As certain countries, cities, and states begin to see stabilizing or falling rates of virus transmission, many are asking the question, “How do we return to normal?” One of the most discussed and debated plans for doing so is widespread testing of the population to determine if prior exposure to (and recovery from) COVID-19 has occurred. For many diseases, the presence of antibodies (“custom” immunity proteins created after having an infection) in an individual’s blood can indicate that this exposure and recovery has occurred. Testing for antibodies for SARS-CoV-2, the virus that causes COVID-19, is being studied extensively by the Centers for Disease Control and Prevention (CDC) and other private companies. Many hope that antibody testing will be the answer, but currently the market has been flooded with tests with unknown accuracy . Here are the top three areas that scientists and researchers are working hard to better understand.
  1. Researchers are working to understand if antibodies actually confer future immunity.
    So, the question is: if you have antibodies to SARS-CoV-2, does this protect you from getting COVID-19? To best understand this challenge, we can consider three fairly well-known human diseases: Varicella-Zoster (chickenpox), Clostridium tetani (tetanus), and Human Immunodeficiency Virus (HIV). While the body creates post-infection antibodies for all three diseases, the clinical course of immunity and resistance varies widely. Once someone has been infected with the chickenpox virus, it is virtually impossible for the infection to occur a second time. For tetanus, immunity is transitory, meaning protection lasts for some time but does not a lifetime, and vaccine regimens require boosters.
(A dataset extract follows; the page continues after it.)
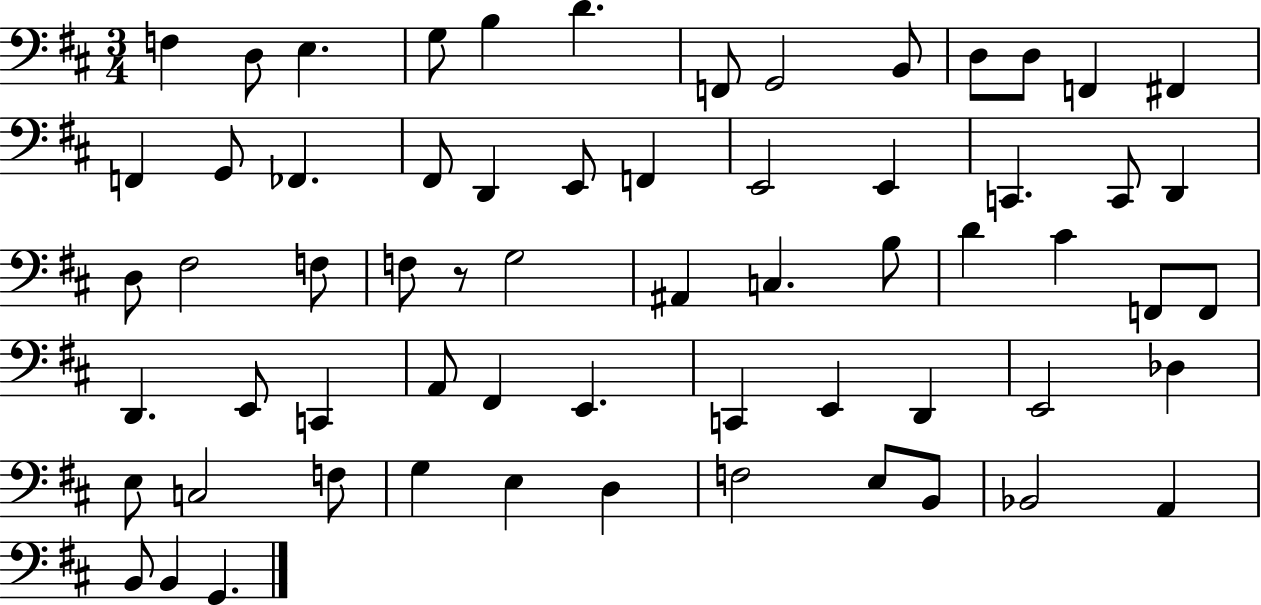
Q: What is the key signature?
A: D major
And finally, individuals who have been infected with HIV typically have large amounts of antibodies in their blood, but these do nothing to clear or resolve the infection. Scientists around the world are rapidly collecting data to understand, for COVID-19, 1) how long antibodies tend to stick around after someone has been infected, 2) if these remaining antibodies are actually able to clear the virus effectively, and 3) what antibody levels would be necessary to support long-term immunity. Surveillance trials are well underway to better understand the relationship between antibody presence and immunity.
  2. Tests in the pipeline are being vetted by government bodies to ensure they are giving highly accurate results.
    No clinical or diagnostic test is perfect, but validation testing can ensure they are consistently accurate, save for a tiny percentage of outlier results. When new tests are developed, they are generally compared to a well-vetted, existing, often more complicated or expensive test to ensure they can deliver a consistently comparable result. This is important because each time a diagnostic test is given, one of three things can occur: (1) the test can correctly tell an infected person they are infected, (2) the test can incorrectly tell an infected person they are not infected, or (3) the test can incorrectly tell a non-infected person that they are infected. The latter two situations are known as false negatives, and false positives, respectively. Currently, the FDA has granted emergency use approval to only a small number of manufactured tests, with higher specificity and sensitivity. A high specificity means that a test almost never gives false positives, and a high sensitivity means a test almost never gives false negatives. Tests with high percentages of both are likely to give a spot-on result nearly every single time. If you are getting an antibody test, make sure it is with one of these FDA approved tests.
  3. Test timing is important, and should be taken into consideration when interpreting results.
    According to the CDC, for most people who have been infected with SARS-CoV-2, it takes at least 1-3 weeks for their bodies to produce antibodies. This timing is important, as it means that those who test for antibodies soon into their course of infection could make the incorrect assumption they were never infected, when in fact they had been infected and just not yet produced antibodies. Conversely, if someone tests early after being infected, but does have antibodies present, they could assume incorrectly that they are not a current COVID-carrier and abandon social distancing practices. Because we cannot rule out that someone with antibodies can still spread the disease, social distancing practices remain important.

The FDA is actively working across all sectors to collect the data needed to quickly and efficiently understand how we can use antibody tests to fight COVID-19 and begin to return to normal. In the meantime, you can view which tests have been given emergency authorization here. Already taken an antibody test? Be sure to check out the CDC’s guidance on how to interpret your results and what to do next.

Disclaimer: The information in this story is accurate as of its publication. However, the situation surrounding COVID-19 is ever-evolving. We are working to keep our stories up-to-date as changes occur, but we also encourage everyone to check news and recommendations from the CDC, WHO, and their local authorities.